Data section Start Marker

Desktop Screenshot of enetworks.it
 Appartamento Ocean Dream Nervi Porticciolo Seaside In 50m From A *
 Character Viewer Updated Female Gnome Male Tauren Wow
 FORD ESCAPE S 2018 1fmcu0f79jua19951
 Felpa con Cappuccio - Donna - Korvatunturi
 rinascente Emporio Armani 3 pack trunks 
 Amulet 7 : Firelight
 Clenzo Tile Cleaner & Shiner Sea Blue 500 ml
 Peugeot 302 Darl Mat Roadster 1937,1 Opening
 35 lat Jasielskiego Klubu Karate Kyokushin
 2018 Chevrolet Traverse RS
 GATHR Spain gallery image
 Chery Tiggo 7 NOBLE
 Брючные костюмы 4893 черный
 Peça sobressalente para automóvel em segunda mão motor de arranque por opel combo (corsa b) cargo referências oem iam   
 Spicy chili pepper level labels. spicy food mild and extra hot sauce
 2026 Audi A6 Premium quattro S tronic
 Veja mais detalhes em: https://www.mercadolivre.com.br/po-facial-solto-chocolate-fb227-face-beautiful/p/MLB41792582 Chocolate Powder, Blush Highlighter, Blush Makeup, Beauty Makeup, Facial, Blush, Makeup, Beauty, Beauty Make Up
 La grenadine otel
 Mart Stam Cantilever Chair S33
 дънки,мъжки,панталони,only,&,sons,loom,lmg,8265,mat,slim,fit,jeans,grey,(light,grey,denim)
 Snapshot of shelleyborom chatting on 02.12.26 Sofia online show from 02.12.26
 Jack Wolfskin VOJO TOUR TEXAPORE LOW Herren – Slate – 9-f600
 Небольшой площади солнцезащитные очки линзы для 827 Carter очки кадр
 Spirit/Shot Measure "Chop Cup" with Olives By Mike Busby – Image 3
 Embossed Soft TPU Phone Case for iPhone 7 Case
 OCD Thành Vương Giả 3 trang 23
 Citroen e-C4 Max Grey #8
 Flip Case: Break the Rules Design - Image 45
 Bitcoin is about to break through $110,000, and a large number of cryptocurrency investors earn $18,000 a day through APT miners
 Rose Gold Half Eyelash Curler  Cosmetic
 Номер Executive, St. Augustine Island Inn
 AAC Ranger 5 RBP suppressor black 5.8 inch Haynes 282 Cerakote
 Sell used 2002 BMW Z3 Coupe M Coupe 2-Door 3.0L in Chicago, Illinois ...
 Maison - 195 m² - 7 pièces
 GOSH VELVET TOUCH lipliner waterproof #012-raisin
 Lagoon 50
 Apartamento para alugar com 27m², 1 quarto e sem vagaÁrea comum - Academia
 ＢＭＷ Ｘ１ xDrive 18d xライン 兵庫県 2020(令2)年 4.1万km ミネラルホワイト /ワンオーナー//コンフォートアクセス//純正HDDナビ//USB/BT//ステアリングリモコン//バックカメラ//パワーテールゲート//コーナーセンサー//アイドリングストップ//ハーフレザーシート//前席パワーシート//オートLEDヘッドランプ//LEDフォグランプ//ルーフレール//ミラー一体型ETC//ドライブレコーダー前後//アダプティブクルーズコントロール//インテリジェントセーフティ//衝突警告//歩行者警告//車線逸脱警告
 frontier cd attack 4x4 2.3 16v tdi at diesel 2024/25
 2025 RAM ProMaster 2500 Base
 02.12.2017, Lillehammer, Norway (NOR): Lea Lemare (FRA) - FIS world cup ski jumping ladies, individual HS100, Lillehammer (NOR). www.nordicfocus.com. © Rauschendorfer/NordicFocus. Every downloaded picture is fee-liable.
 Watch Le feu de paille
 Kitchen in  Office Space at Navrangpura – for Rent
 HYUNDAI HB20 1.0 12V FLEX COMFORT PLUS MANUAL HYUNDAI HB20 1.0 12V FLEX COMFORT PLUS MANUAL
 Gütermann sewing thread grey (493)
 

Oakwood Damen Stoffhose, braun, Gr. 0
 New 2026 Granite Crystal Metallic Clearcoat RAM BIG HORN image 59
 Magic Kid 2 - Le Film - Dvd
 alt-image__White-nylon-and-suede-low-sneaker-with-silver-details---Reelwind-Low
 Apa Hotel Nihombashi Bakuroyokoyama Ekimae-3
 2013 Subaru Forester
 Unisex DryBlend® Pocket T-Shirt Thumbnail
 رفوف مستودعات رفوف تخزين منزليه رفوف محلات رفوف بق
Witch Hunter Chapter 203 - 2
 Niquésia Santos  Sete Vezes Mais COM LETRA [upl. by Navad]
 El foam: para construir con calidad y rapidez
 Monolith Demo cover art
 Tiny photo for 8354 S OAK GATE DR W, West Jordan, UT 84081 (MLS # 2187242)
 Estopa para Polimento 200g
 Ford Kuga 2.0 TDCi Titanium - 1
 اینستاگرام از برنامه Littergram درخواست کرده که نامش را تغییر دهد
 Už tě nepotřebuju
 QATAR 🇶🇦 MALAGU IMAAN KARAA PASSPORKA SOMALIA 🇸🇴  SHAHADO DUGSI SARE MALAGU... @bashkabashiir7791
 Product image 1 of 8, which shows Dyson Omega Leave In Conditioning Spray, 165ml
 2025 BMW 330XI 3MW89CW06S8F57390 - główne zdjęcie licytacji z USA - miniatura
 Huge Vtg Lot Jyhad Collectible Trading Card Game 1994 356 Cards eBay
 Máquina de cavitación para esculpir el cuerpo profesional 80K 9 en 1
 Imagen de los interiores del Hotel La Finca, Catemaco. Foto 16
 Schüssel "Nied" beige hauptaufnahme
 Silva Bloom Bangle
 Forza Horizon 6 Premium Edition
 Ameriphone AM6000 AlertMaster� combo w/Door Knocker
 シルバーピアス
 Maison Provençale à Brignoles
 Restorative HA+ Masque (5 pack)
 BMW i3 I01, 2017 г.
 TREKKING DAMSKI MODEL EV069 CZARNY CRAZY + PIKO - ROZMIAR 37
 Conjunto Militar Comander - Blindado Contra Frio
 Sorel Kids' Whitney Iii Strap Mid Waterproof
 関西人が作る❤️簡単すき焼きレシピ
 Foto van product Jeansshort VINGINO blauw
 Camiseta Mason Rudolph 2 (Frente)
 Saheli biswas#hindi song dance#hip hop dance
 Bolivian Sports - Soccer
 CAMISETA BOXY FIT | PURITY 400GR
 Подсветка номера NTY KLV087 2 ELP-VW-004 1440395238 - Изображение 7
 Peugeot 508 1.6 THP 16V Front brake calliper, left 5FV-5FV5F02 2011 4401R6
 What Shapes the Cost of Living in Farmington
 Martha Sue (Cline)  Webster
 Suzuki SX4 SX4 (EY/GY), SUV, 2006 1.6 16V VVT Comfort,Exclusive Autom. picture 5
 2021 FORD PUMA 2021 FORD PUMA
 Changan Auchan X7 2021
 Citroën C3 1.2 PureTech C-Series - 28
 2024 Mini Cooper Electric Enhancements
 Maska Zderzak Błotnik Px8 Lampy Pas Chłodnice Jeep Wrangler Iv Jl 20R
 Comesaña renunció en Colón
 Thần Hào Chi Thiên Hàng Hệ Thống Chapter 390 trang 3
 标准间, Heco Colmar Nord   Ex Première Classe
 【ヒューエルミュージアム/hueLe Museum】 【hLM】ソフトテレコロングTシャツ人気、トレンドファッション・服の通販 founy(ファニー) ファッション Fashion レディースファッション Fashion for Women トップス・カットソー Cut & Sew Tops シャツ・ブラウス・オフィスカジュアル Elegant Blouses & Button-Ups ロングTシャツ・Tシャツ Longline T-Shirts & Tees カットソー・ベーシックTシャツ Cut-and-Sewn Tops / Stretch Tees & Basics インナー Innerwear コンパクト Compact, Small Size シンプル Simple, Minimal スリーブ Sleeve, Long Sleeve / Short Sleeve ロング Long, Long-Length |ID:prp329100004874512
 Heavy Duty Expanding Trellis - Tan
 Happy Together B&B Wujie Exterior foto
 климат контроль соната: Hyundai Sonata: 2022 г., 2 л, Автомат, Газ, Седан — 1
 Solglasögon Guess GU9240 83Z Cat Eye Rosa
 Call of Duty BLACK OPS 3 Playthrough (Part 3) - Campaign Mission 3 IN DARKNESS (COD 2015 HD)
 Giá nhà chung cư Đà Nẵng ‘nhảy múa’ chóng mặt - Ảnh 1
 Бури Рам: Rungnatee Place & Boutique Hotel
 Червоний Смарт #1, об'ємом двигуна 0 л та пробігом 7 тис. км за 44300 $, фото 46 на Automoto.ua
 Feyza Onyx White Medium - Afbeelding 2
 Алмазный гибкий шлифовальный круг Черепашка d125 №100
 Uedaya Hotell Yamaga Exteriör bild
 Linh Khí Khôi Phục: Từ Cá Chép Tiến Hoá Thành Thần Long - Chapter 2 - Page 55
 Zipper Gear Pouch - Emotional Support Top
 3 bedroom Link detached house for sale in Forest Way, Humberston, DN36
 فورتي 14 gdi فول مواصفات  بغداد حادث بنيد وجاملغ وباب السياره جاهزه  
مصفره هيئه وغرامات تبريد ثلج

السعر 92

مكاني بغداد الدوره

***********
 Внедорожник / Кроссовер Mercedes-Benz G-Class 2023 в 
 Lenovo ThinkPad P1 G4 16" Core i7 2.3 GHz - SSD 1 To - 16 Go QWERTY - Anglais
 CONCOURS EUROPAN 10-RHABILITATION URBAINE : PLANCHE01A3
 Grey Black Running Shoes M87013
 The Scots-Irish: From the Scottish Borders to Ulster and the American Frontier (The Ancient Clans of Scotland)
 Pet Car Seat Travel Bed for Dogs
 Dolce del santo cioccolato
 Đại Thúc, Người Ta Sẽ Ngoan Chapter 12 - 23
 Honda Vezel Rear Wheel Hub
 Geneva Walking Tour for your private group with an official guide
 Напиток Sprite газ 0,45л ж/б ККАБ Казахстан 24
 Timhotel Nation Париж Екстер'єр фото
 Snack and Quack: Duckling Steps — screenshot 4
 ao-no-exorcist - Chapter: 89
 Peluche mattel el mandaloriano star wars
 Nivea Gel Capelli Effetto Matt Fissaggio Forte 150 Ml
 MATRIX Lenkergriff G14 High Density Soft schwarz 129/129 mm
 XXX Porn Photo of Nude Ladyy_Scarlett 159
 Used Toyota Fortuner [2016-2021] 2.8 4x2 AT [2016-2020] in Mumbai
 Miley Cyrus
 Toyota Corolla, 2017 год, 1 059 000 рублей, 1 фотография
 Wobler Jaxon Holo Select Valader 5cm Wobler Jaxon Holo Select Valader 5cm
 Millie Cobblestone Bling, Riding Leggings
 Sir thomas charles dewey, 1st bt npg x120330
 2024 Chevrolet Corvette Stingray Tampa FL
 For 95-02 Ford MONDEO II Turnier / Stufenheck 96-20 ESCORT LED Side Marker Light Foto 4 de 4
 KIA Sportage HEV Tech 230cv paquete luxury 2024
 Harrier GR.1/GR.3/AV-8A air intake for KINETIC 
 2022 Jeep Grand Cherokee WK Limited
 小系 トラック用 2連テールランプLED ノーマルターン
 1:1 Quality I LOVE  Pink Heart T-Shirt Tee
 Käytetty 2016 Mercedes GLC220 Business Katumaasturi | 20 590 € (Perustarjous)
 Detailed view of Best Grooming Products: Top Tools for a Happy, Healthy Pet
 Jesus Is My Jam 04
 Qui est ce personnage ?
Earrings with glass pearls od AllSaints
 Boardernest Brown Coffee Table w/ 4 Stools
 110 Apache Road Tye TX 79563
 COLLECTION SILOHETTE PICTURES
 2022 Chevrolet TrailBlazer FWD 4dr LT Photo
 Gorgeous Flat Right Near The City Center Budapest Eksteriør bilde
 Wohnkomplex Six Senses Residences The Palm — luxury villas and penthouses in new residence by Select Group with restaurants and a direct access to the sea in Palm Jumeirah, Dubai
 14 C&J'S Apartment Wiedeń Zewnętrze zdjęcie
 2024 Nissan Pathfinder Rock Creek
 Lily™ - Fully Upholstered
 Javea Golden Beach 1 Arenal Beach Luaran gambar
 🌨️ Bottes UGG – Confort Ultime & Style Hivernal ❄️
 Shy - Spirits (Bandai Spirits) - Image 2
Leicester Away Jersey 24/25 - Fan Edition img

Data section End Marker

» Requirement
Once you find the line with "Peluche mattel el mandaloriano star wars" above, print it and every line after it up to and including the line with "Miley Cyrus", exactly as written and nothing else.

» Answer for this exercise
 Peluche mattel el mandaloriano star wars
 Nivea Gel Capelli Effetto Matt Fissaggio Forte 150 Ml
 MATRIX Lenkergriff G14 High Density Soft schwarz 129/129 mm
 XXX Porn Photo of Nude Ladyy_Scarlett 159
 Used Toyota Fortuner [2016-2021] 2.8 4x2 AT [2016-2020] in Mumbai
 Miley Cyrus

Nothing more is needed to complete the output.